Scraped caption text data
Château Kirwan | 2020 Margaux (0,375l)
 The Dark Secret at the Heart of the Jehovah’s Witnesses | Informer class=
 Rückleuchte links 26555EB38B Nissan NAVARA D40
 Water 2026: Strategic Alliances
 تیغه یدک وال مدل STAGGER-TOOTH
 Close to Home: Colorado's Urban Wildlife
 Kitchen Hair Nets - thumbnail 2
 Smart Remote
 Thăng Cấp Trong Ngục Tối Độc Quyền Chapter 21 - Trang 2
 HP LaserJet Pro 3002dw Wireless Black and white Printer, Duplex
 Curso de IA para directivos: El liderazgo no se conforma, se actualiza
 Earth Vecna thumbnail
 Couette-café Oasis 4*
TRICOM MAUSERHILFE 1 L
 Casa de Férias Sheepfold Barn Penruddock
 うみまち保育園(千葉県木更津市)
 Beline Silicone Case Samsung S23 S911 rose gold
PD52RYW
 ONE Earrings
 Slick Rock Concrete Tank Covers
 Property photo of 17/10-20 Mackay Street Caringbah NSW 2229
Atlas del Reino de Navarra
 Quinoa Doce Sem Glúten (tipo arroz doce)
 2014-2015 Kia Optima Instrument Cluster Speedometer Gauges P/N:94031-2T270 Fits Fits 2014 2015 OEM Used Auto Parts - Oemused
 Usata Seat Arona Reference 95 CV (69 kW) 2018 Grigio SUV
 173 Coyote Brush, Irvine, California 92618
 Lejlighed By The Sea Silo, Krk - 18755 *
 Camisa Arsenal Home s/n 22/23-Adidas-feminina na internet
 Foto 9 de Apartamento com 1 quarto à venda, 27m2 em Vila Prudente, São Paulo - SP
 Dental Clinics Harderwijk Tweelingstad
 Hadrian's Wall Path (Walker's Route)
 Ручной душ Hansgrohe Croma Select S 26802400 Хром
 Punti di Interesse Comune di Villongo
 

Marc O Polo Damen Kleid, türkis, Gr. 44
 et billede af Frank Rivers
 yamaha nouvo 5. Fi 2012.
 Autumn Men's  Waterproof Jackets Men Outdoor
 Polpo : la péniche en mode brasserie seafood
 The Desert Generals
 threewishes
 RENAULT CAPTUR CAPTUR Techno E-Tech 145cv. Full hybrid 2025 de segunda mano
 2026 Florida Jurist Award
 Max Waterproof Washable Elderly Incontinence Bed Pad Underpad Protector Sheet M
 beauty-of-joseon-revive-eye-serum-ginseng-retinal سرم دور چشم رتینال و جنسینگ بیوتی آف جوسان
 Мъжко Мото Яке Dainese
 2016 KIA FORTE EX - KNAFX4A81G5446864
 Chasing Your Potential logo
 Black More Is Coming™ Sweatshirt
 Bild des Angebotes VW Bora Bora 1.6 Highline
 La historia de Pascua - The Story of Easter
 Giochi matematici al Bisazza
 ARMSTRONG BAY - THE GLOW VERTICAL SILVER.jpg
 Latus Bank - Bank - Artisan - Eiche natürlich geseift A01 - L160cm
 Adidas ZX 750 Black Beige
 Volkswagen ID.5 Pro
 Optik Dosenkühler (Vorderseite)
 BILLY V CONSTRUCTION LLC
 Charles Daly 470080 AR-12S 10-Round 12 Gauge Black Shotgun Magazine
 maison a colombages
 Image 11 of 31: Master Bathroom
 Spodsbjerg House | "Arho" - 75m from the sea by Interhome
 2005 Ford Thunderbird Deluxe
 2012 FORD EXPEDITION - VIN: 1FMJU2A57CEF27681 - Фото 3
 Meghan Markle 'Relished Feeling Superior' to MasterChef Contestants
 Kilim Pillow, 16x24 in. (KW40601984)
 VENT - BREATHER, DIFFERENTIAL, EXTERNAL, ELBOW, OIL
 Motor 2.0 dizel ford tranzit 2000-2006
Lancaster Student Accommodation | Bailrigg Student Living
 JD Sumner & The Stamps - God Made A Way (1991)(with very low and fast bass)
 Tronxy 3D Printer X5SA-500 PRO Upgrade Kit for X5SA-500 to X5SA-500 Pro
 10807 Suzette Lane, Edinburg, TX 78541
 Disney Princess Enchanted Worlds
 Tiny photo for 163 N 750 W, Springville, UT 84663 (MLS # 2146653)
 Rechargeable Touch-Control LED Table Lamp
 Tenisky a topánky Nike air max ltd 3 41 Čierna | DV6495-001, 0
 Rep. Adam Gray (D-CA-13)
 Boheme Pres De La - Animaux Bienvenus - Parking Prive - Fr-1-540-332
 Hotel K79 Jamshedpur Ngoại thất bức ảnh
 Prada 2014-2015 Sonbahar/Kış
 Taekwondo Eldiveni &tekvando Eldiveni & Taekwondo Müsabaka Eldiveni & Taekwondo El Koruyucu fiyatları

Task brief
Repeat every line of the data verbatim.

Your solution
Château Kirwan | 2020 Margaux (0,375l)
 The Dark Secret at the Heart of the Jehovah’s Witnesses | Informer class=
 Rückleuchte links 26555EB38B Nissan NAVARA D40
 Water 2026: Strategic Alliances
 تیغه یدک وال مدل STAGGER-TOOTH
 Close to Home: Colorado's Urban Wildlife
 Kitchen Hair Nets - thumbnail 2
 Smart Remote
 Thăng Cấp Trong Ngục Tối Độc Quyền Chapter 21 - Trang 2
 HP LaserJet Pro 3002dw Wireless Black and white Printer, Duplex
 Curso de IA para directivos: El liderazgo no se conforma, se actualiza
 Earth Vecna thumbnail
 Couette-café Oasis 4*
TRICOM MAUSERHILFE 1 L
 Casa de Férias Sheepfold Barn Penruddock
 うみまち保育園(千葉県木更津市)
 Beline Silicone Case Samsung S23 S911 rose gold
PD52RYW
 ONE Earrings
 Slick Rock Concrete Tank Covers
 Property photo of 17/10-20 Mackay Street Caringbah NSW 2229
Atlas del Reino de Navarra
 Quinoa Doce Sem Glúten (tipo arroz doce)
 2014-2015 Kia Optima Instrument Cluster Speedometer Gauges P/N:94031-2T270 Fits Fits 2014 2015 OEM Used Auto Parts - Oemused
 Usata Seat Arona Reference 95 CV (69 kW) 2018 Grigio SUV
 173 Coyote Brush, Irvine, California 92618
 Lejlighed By The Sea Silo, Krk - 18755 *
 Camisa Arsenal Home s/n 22/23-Adidas-feminina na internet
 Foto 9 de Apartamento com 1 quarto à venda, 27m2 em Vila Prudente, São Paulo - SP
 Dental Clinics Harderwijk Tweelingstad
 Hadrian's Wall Path (Walker's Route)
 Ручной душ Hansgrohe Croma Select S 26802400 Хром
 Punti di Interesse Comune di Villongo
 

Marc O Polo Damen Kleid, türkis, Gr. 44
 et billede af Frank Rivers
 yamaha nouvo 5. Fi 2012.
 Autumn Men's  Waterproof Jackets Men Outdoor
 Polpo : la péniche en mode brasserie seafood
 The Desert Generals
 threewishes
 RENAULT CAPTUR CAPTUR Techno E-Tech 145cv. Full hybrid 2025 de segunda mano
 2026 Florida Jurist Award
 Max Waterproof Washable Elderly Incontinence Bed Pad Underpad Protector Sheet M
 beauty-of-joseon-revive-eye-serum-ginseng-retinal سرم دور چشم رتینال و جنسینگ بیوتی آف جوسان
 Мъжко Мото Яке Dainese
 2016 KIA FORTE EX - KNAFX4A81G5446864
 Chasing Your Potential logo
 Black More Is Coming™ Sweatshirt
 Bild des Angebotes VW Bora Bora 1.6 Highline
 La historia de Pascua - The Story of Easter
 Giochi matematici al Bisazza
 ARMSTRONG BAY - THE GLOW VERTICAL SILVER.jpg
 Latus Bank - Bank - Artisan - Eiche natürlich geseift A01 - L160cm
 Adidas ZX 750 Black Beige
 Volkswagen ID.5 Pro
 Optik Dosenkühler (Vorderseite)
 BILLY V CONSTRUCTION LLC
 Charles Daly 470080 AR-12S 10-Round 12 Gauge Black Shotgun Magazine
 maison a colombages
 Image 11 of 31: Master Bathroom
 Spodsbjerg House | "Arho" - 75m from the sea by Interhome
 2005 Ford Thunderbird Deluxe
 2012 FORD EXPEDITION - VIN: 1FMJU2A57CEF27681 - Фото 3
 Meghan Markle 'Relished Feeling Superior' to MasterChef Contestants
 Kilim Pillow, 16x24 in. (KW40601984)
 VENT - BREATHER, DIFFERENTIAL, EXTERNAL, ELBOW, OIL
 Motor 2.0 dizel ford tranzit 2000-2006
Lancaster Student Accommodation | Bailrigg Student Living
 JD Sumner & The Stamps - God Made A Way (1991)(with very low and fast bass)
 Tronxy 3D Printer X5SA-500 PRO Upgrade Kit for X5SA-500 to X5SA-500 Pro
 10807 Suzette Lane, Edinburg, TX 78541
 Disney Princess Enchanted Worlds
 Tiny photo for 163 N 750 W, Springville, UT 84663 (MLS # 2146653)
 Rechargeable Touch-Control LED Table Lamp
 Tenisky a topánky Nike air max ltd 3 41 Čierna | DV6495-001, 0
 Rep. Adam Gray (D-CA-13)
 Boheme Pres De La - Animaux Bienvenus - Parking Prive - Fr-1-540-332
 Hotel K79 Jamshedpur Ngoại thất bức ảnh
 Prada 2014-2015 Sonbahar/Kış
 Taekwondo Eldiveni &tekvando Eldiveni & Taekwondo Müsabaka Eldiveni & Taekwondo El Koruyucu fiyatları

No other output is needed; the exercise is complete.